Biraz sonra sislerin arasında Ganj’in ortasında, o adayı yeniden gördüm. Dikkatle baktığımda, adada kımıldayan bir şeyler olduğunu hissettim. Ne hikmetse, bir geyik ve bir fil gördüğüme inanmak istiyordum, bir yandan da bunun gerçek olamayacağına dair kendimi ikna etme gayretinde gözlerimi ovuşturup duruyordum. Yüzümü yıkamak için lavaboya geçerken altara gözüm ilişti, Ganga Aarti’den gelen bir çiçek de yerini orada bulmuştu, böylece arınma, korunma ve şükran birleşmişlerdi.

Kahvaltıda öğrendim ki o adada korunmakta olan bir vahşi yaşam alanı varmış ve otelimizin balkonunda orayı gözlemleyebilmemiz için oldukça detaylı bir makina bizi bekliyormuş, “şanslısınız” dediler, “çıplak gözle kolay kolay yakalanmazlar”.

Kahvaltı biter bitmez, arabaya atlayıp ashram dediğimiz inziva evlerinin olduğu bölgedeki büyük park yerinde tekrar buluşmak üzere görevliden ayrıldık. Lakshman Jhula köprüsüne ulaştığımızda biraz ürktüğümü söylemeliyim çünkü demir bir köprü, oldukça uzun ve üzerindeki hayvan ve insan sayısına göre bence ince olduğu söylenebilir. Maymunlar konusunda uyarılmıştık. Gözlerine bakmamız tembih edildi, tehdit alabilirlermiş. Şapka, güneş gözlüğü, yiyecek, içecek ve cep telefonu gibi şeyleri de hızla alıp götürebildikleri için elimizde taşımamızı söylemişlerdi. Tüm bu hazırlıkları yapıp köprüde büyük bir kalabalıkla ilerlemeye başladık, insanlar, maymunlar, inekler, motorlar, köpekler, seyyar satıcılar… Karşıya geçmeyi başardığımızda, eğer yalnız gelseydim kalmayı düşündüğüm büyük inziva merkezlerinden dışarıdan ziyarete izin olanları gezdik. Yoga eğitim merkezlerini gezip, öğretmen eğitimleri hakkında bilgiler aldık.

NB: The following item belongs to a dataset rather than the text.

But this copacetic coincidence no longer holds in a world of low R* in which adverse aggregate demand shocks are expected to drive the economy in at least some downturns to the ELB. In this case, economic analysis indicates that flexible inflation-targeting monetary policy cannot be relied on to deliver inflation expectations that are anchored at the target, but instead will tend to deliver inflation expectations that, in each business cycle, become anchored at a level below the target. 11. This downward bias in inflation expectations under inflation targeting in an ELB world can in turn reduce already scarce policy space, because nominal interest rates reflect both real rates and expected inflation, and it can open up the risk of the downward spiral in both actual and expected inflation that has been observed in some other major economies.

Buzağıları sevdik, yüzleri bembeyaz boyalı dervişlerle tanıştık, hiç konuşmayan, kımıldamayan doğada öylece duran, ibadetleri bu olan ellerinde asa yaşlı insanlar gördük. Ganjda rafting yapanlar, kenarında meditasyon yapanlar, yoga yapanlar, gitar çalanlar, sevgililer, yükselen mantalar, şaşılacak sıcak bir yaz havası Aralık ayında, duvarlarda çevrede yazan pozitif ve bilgece yazılar hepsinin bizi bizden alışına izin verdik. İçimdeki Türk kızı, “buralardan nerden iki göz bir ev alınır ki, kaçadır ki” diye etrafı tarafı taradı, kendime güldüm. Fena mı olurdu, Ağustos da kavrulurken Dubai, kaçardık her yaz bir ay, ruhumuz dinlenir gelirdik.

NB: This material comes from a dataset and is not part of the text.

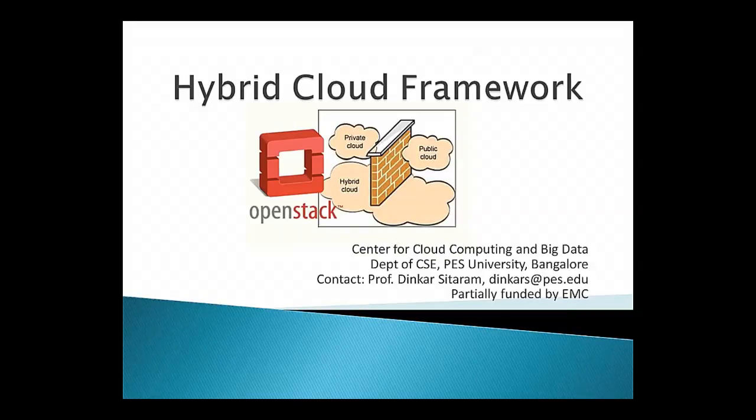Good morning. I'd like to give a talk today to describe the kind of work we're doing on a hybrid cloud framework at PES University. Before I start, let me thank EMC, which has partially funded some of this work.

Yemyeşil çimenlerin içinde ikinci köprüye giderken kaybolduk, maymunlar kovaladı hem kaçarken hem halimize gülerken göz yaşlarına boğulduk. Kalabalıktan uzak çimlerin arasında yolumuzu bulmaya çalışırken bir çirkinliğin ortasında bulduk kendimizi, dünyanın neresine gidersek gidelim her şeyin içimizde olması gibi, her şeyin dışımızda ve her yerde olabileceğini de tecrübe edip tatlı bir rüyadan uyanır gibi olduk bir an için.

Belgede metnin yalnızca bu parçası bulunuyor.